The degree of future protection for our proprietary rights is more uncertain in part because legal means afford only limited protection and may not adequately protect our rights,
and we will not be able to ensure that:
 
 
·
we were the first to invent the inventions described in patent applications;
 
 
 
 
·
we were the first to file patent applications for inventions;
 
 
 
 
·
others will not independently develop similar or alternative technologies or duplicate our products without infringing our intellectual property rights;
 
 
 
 
·
any patents licensed or issued to us will provide us with any competitive advantages;
 
 
 
 
·
we will develop proprietary technologies that are patentable; or
 
 
 
 
·
the patents of others will not have an adverse effect on our ability to do business.
  
 
 
 
27
 

 
 
The policies we use to protect our trade secrets may not be effective in preventing misappropriation of our trade secrets by others. In addition, confidentiality and invention
assignment agreements executed by our employees, consultants and advisors may not be enforceable or may not provide meaningful protection for our trade secrets or other
proprietary information in the event of unauthorized use or disclosures.
 
We cannot be certain that the steps we have taken will prevent the misappropriation and use of our intellectual property in the United States, or in foreign countries where the
laws may not protect our proprietary rights as fully as in the United States.
 
We may face intellectual property infringement claims that could be time-consuming, costly to defend and could result in our loss of significant rights and, in the case of
patent infringement claims, the assessment of treble damages.
 
On occasion, we may receive notices of claims of infringement, misappropriation, or misuse of other parties’ proprietary rights. We may have disputes regarding intellectual
property rights with the parties that have licensed those rights to us. We may also initiate claims to defend our intellectual property. Intellectual property litigation, regardless of
its outcome, is expensive and time-consuming, and could divert management’s attention from our business and have a material negative effect on our business, operating
results, or financial condition. In addition, the outcome of such litigation may be unpredictable. If there is a successful claim of infringement against us, we may be required to
pay substantial damages, including treble damages if we were to be found to have willfully infringed a third party’s patent, to the party claiming infringement, develop non-
infringing technology, stop selling our products or using technology that contains the allegedly infringing intellectual property or enter into royalty or license agreements that
may not be available on acceptable or commercially practical terms, if at all. Our failure to develop non-infringing technologies or license the proprietary rights on a timely
basis could harm our business. In addition, modifying our products to exclude infringing technologies could require us to seek re-approval or clearance from various regulatory
bodies for our products, which would be costly and time consuming. Also, we may be unaware of pending patent applications that relate to our technology. Parties making
infringement claims on future issued patents may be able to obtain an injunction that would prevent us from selling our products or using technology that contains the allegedly
infringing intellectual property, which could harm our business.
 
We could be required to indemnify third parties for alleged intellectual property infringement, which could cause us to incur significant costs.
 
Some of our distribution agreements contain commitments to indemnify our distributors against liability arising from infringement of third-party intellectual property, such as
patents.

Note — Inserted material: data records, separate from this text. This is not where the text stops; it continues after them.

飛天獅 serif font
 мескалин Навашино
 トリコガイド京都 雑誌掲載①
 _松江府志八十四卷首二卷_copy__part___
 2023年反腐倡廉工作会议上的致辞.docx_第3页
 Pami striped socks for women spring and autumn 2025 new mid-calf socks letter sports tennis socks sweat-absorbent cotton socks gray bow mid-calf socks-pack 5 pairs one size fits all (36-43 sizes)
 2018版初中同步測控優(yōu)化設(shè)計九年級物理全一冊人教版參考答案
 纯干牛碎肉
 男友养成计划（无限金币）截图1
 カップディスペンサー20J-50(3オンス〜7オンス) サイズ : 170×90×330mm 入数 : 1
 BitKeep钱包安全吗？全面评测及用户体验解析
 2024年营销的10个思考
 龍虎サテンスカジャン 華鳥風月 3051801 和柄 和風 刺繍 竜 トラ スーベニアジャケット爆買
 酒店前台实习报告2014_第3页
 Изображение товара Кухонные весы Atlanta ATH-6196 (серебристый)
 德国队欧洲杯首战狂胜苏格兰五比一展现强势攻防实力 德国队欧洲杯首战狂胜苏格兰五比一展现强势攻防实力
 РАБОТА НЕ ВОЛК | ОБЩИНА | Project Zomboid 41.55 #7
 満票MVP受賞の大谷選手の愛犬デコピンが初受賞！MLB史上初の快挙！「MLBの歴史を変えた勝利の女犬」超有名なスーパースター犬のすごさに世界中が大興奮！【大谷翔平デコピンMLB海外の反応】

We may be required to indemnify our customers for claims made against them or to contribute to license fees they are required to pay. If we are forced to indemnify for
claims or to pay license fees, our business and financial condition could be substantially harmed.
   
Our international operations are subject to trade policies and trade agreements and unfavorable changes could harm our business.
 
We have significant international operations in Mexico and Europe, and we manufacture products for export in Mexico. There may be changes to existing trade agreements, like
the USMCA, which went to effect on July 1, 2020, greater restrictions on free trade generally, and significant increases in tariffs on goods imported into the United States,
particularly tariffs on products manufactured in Mexico, among other possible changes. Any changes to USMCA (or subsequent trade agreements) could impact our operations
in countries where we manufacture or sell products or source components, or materials, which could adversely affect our operating results and our business.
 
 
 
 
28
 

 
 
Our sales in international markets subject us to foreign currency exchange and other risks and costs which could harm our business.
 
A substantial portion of our revenues are derived from outside the United States, primarily from Mexico and Europe. We anticipate that revenues from international customers
will continue to represent a substantial portion of our revenues for the foreseeable future. Because we generate revenues in foreign currencies, we are subject to the effects of
exchange rate fluctuations. The functional currency of our Mexican subsidiary is the Mexican Peso and the functional currency of our Netherlands subsidiary is the Euro. For
the preparation of our consolidated financial statements, the financial results of our foreign subsidiaries are translated into U.S. dollars using average exchange rates during the
applicable period. If the U.S. dollar appreciates against the Mexican Peso or the Euro, as applicable, the revenues we recognize from sales by our subsidiaries will be adversely
impacted. Foreign exchange gains or losses as a result of exchange rate fluctuations in any given period could harm our operating results and negatively impact our revenues.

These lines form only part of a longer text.